A photo of the edge (hard to do, I know) might help rule out modern imitations. But there's a match on Zeno, sold by CNG and attributed as "Uniface AR Tetradrachm imitating Eukratides I of Baktria." Pretty close match, including the left facing portrait: https://www.zeno.ru/showphoto.php?photo=88660 There is in fact an entire series of these uniface 'Scythian' drachms listed on there, all sold by CNG and perhaps from a hoard find? See here: https://www.zeno.ru/showgallery.php?cat=6044 Really neat piece! Have you encountered more, or just this one?

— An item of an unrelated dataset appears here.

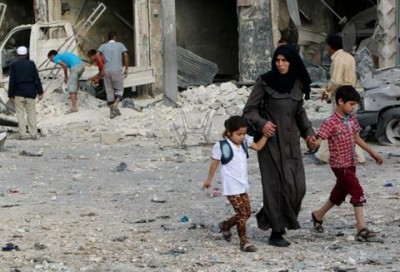 A woman with her children flee from a site hit by what activists said was a vacuum bomb dropped by forces loyal to Syria's President Bashar al-Assad, in the Tariq al-Bab neighbourhood of Aleppo June 8, 2014. REUTERS/Mahmoud Hebbo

I have seen similar over time for sale. Some label Scythian, others Yuehzhi, others say Sogdian. I have seen enough that either a group of fakes got well dispersed or they are authentic. I really think we have no clue who made them or when, and very well could have been one small town making them for local consumption. Absent archaeological data, I doubt it will ever be known. Many such Central Asian imitations exist.
Those look very similar indeed, thanks for the link. I just found this one and was pondering over wether to get it or not.
Eucratides is the first thing to come to mind. The local imitations of basically everything that isn't Roman, Greek, or Sassanian are woefully under-studied. Along the same vein, a few years ago I got this curiosity in a CNG lot of central Asian coins, imitating Indo Greek, but I have never seen another one since.